Almost 100 women and children were arrested in Killa Dong village in Maungdaw district. At 12.30pm nearly 100 army and 150 riot police cordoned off the village following unrest in the early hours of the morning. Eyewitnesses told Restless Beings today Hlun Tein (security forces) had arrived at Killa Dong at 10pm alongside a number of Rakhine mobsters belonging to the radical 969 movement. Around 3am raids by a joint force of military, security forces and police took place at the southern Maungdaw village. They had opened fire on individuals resisting the raids and a mass arrest of over 100 took place regardless of gender and age. Many Rohingya were injured during the operation which saw localised disputes between the Rakhine mobsters from Kin Chaung village against Rohingya families whilst the looting and raids took place. Upon the discovery that the security forces were in cooperation with the, Rohingya village elders urged the villagers not to resist the raids. Police and other forces arrived in Killa Dong once again in the morning and by 12.30pm arrests were made against all those who had resisted in the raids overnight. As night drew, the situation in Killa Dong village remains tense as villagers fear repeat raids overnight.

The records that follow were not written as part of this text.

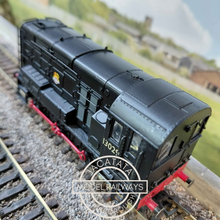 Load image into Gallery viewer, Bachmann - Branchline - 32-110 - Class 08 - Diesel Shunter - Early BR Black - No. 13029 - OO Gauge - Analogue
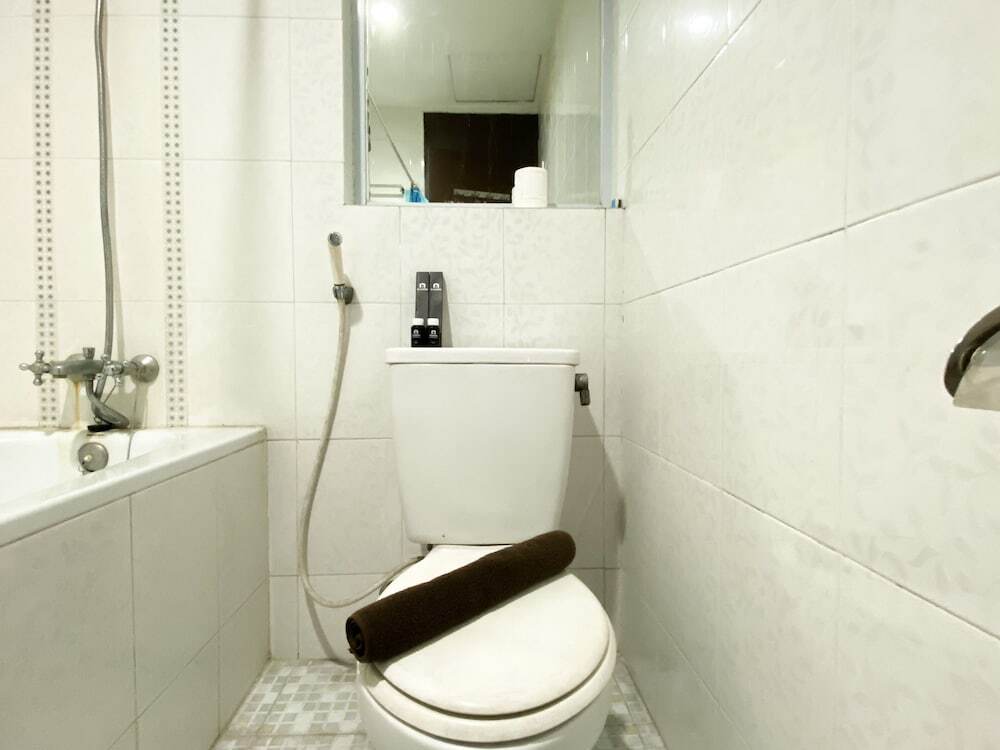 Чикаранг: Homey 2Br Apartment Crown Court Executive Condominium
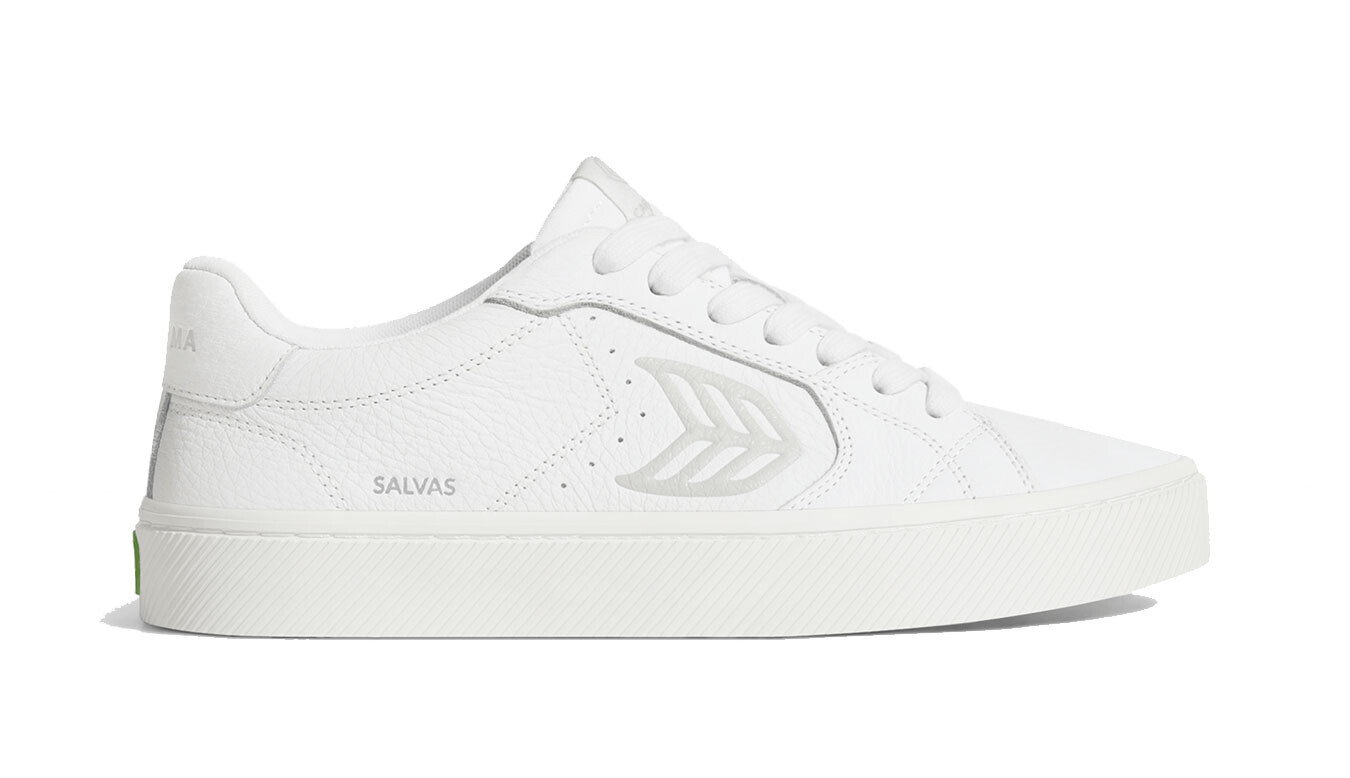 Sneakers - Cariuma Salvas White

Earlier last week, following skirmishes which broke out between locals in Manzi in Sittwe, Myanmar, two Rohingya boys were arrested by authorities in late December. Muhammed Karim, son of Elias Karim and Amir Hushon, son of Abdu Shukur, both aged 12 years old and both residents of the Thay Chung district of Sittwe were arrested by police and blamed for causing the skirmishes. Since their arrest their whereabouts are unknown and their parents have not been informed of any charges.
In Bayda Kyay, Sittwe, the police (Battalion no. 34) continue to extort from the Rohingya. On the 6th of January Mahmud Rofique, son of Abdul Hakim, was arrested and tortured by the police, leaving him in a critical state.
This week the international spotlight was placed on Thailand following a Human Rights Watch report which told of the harsh treatment faced by the Rohingya boat people at the hands of Thai authorities when they reach the shores. The report states that Rohingya children are often exposed to trafficking and detaining those who reach Thai lands. From this, the UN has started an investigation on the treatment of Rohingya boat people in the detention centres – it's said that 139 Rohingya arrived at Phuket on the 25th of December 2013.
Another wave of violence seems to have begun in Arakan state despite international calls for a permanent solution to the issue being ignored at large by the State and Burmese authorities. Having already witnessed countless numbers of deaths and thousands of Rohingya homes already destroyed in fires and looting since June 2012, the Rohingya of Arakan wait with baited breath as more violence threatens to dismantle their community once again.